Most of the above steps are not performed if the user is listed as
having a "local account" (the L bit) in /etc/athena/access.

6. X logins

Athena uses the following components to implement the X login scheme:

	* /etc/athena/dm runs out of /etc/inittab and controls the
	  other components of the system, including the X server.  It
	  pretty much just runs the commands specified in
	  /etc/athena/login/config at the appropriate times.  When dm
	  exits, init will restart it, starting the login process over
	  again.

	* /etc/athena/console displays cryptic system console output
	  in a window so that it can confuse users in its own little
	  part of the screen instead of getting blatted all over the
	  display or ignored completely.

	* /etc/athena/xlogin puts up the window to read a username and
	  password and performs the actual login.

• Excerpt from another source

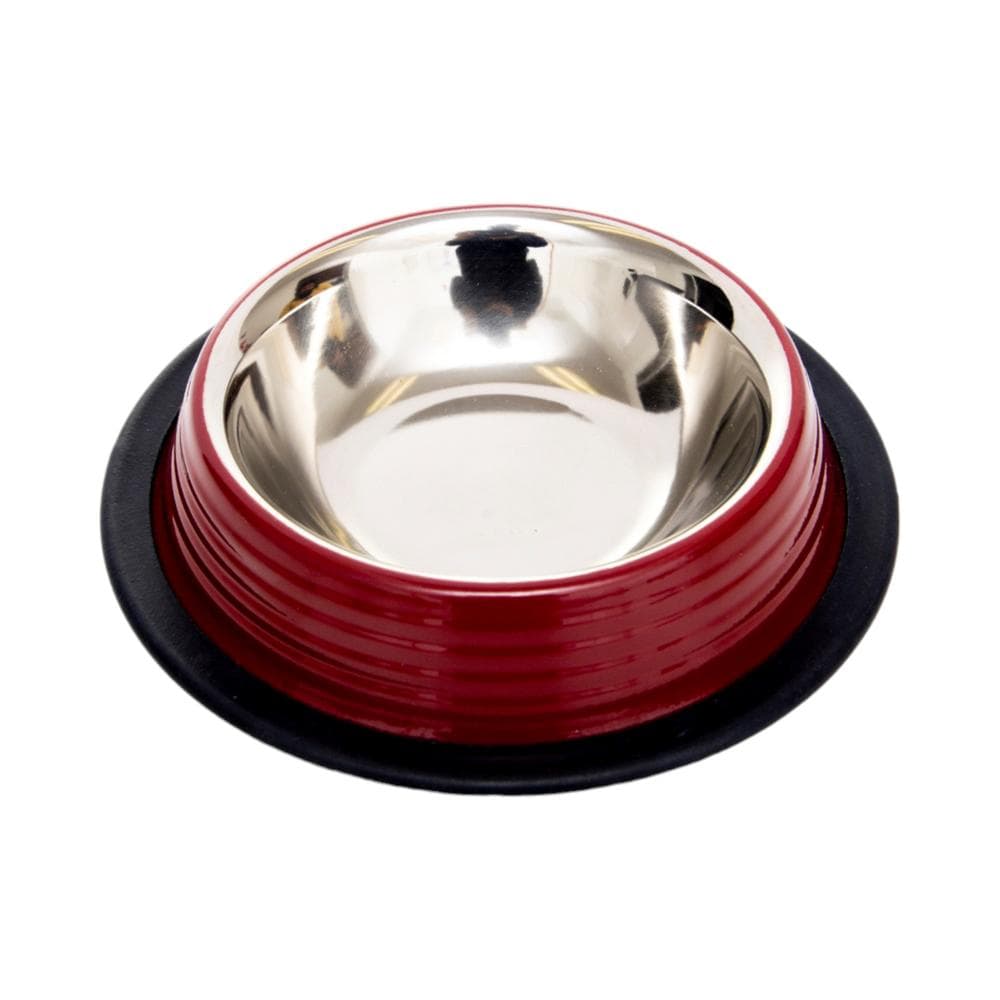 Eco-friendly Non Skid Ribbed Cat & Dog Bowl (Merlot Red) 8oz - 1 Count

	* /etc/athena/login/Xsession is the script which runs the
	  user's X session.

7. Workstation self-maintenance

Athena workstations perform a variety of regular tasks to help ensure
smooth operation.  These tasks run at boot time, out of reactivate (a
script run every several minutes by xlogin when no one is logged in),
or out of cron.

The maintenance done at boot time and at reactivate time are very
similar, and include:

	* /etc/{passwd,shadow,group} are replaced by
	  /etc/{passwd,shadow,group}.local if they exist, in case any
	  leftover local account information is present.  This means
	  any permanent changes to those files must be reflected in
	  the .local versions or they will be undone.  The Athena
	  passwd(1) command takes care of this for local password
	  changes.

	* The AFS CellServDB and trusted cells files are updated from
	  /afs/athena.mit.edu/service.

	* Any attached lockers are detached (unless they are
	  "locked" using the -L flag to attach).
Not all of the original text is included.